I am parsing data from an API (https://rapidapi.com/apidojo/api/tasty, to be exact). I have two classes: Tip (represents a review on a recipe) and TipMetadata (represents all of the metadata associated with the Tip). I don't technically have to do this, but I prefer it this way. The problem is, when I get the data from the API, it isn't structured the same way I want it to be in my code.
Here is a simplified example to get my point across:
# tip.py
class Tip(BaseModel):
author: str
body: str
metadata: TipMetadata
class TipMetadata(BaseModel):
posted_at: datetime
updated_at: datetime
id: int
But here is what the data I am getting looks like:
{
"author": "John Smith",
"body": "Nice recipe!",
"posted_at": 1716874324,
"updated_at": 1716738295,
"id": 8011
}
How do I make Pydantic parse posted_at
, updated_at
, and id
into a TipMetadata object instead of ignoring them and complaining that there was no TipMetadata object in the data?
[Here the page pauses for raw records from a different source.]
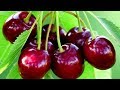 What Are The Health Benefits Of Cherries And Who Shouldn T Eat Them VolkoFF Video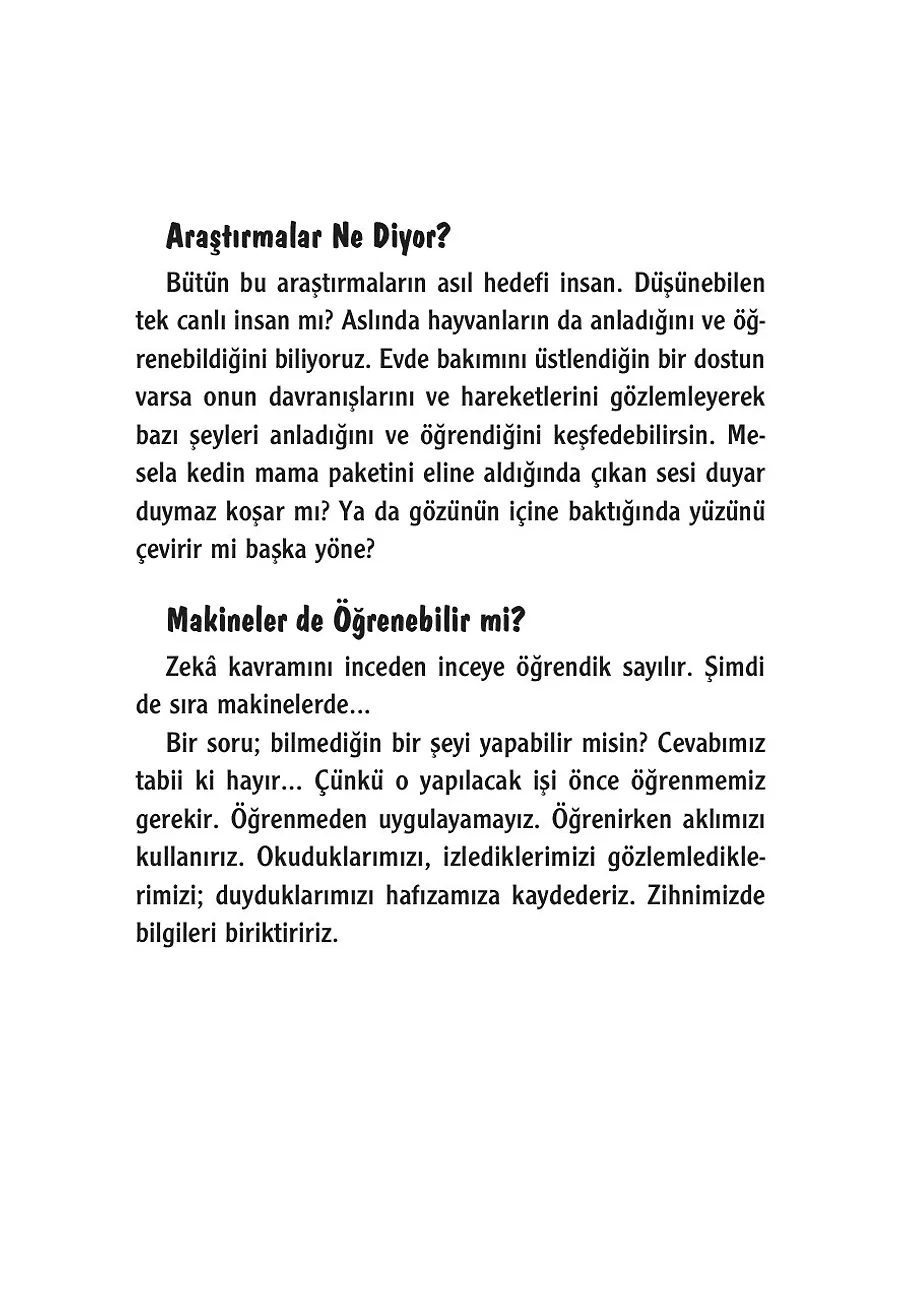 Parlak Yapay Zeka Rehberi – Sayfa 4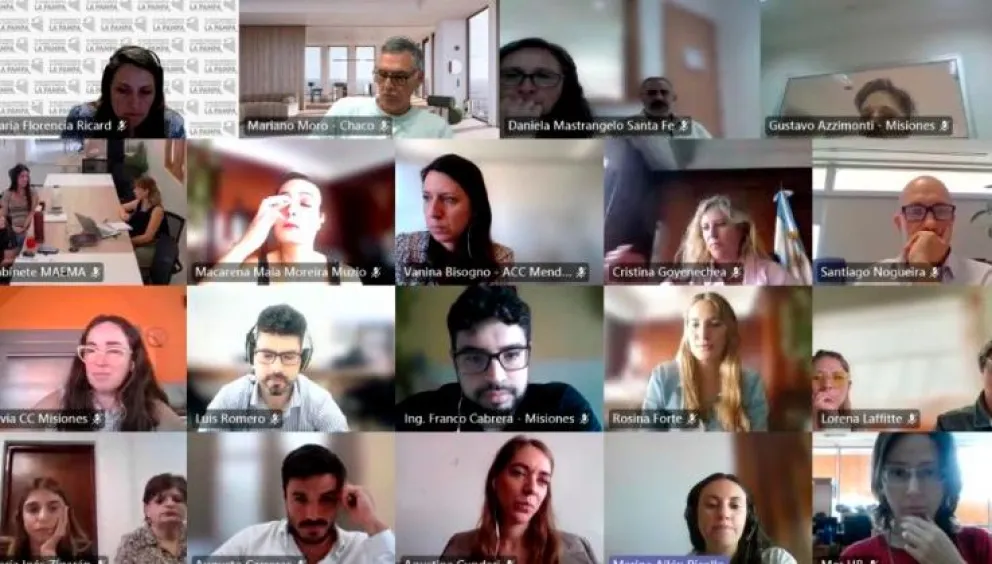 El encuentro sobre cambio climático se realizó de manera virtual.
I've tried looking at the documentation and I found things called field_validator
and custom types, but I feel like there is probably a simpler way to implement this and I just don't know what that is.
Edit:
I ended up doing the following:
class TipMetadata(BaseModel):
posted_at: datetime
updated_at: datetime
id: int
class Tip(BaseModel):
author: str
body: str
metadata: TipMetadata
@pydantic.model_validator(mode="before")
@classmethod
def nest_metadata(
cls, values: dict[str, typing.Any]
) -> typing.Dict[str, typing.Any]:
metadata_fields = set(TipMetadata.model_fields)
metadata_data = {
key: values.pop(key) for key in metadata_fields if key in values
}
values["metadata"] = metadata_data
return values
Devil's advocate - given that you're going to have to update the data models every time the API changes anyways, you might as well just define a hardcoded function that does that transformation for you. Assuming you've parsed the API response into a dict:
def response_to_classes(resp: dict) -> Tip:
out = Tip(
author = resp['author'],
body = resp['body'],
metadata = TipMetadata(
posted_at = resp['posted_at'],
updated_at = resp['updated_at'],
id = resp['id']
)
)
return out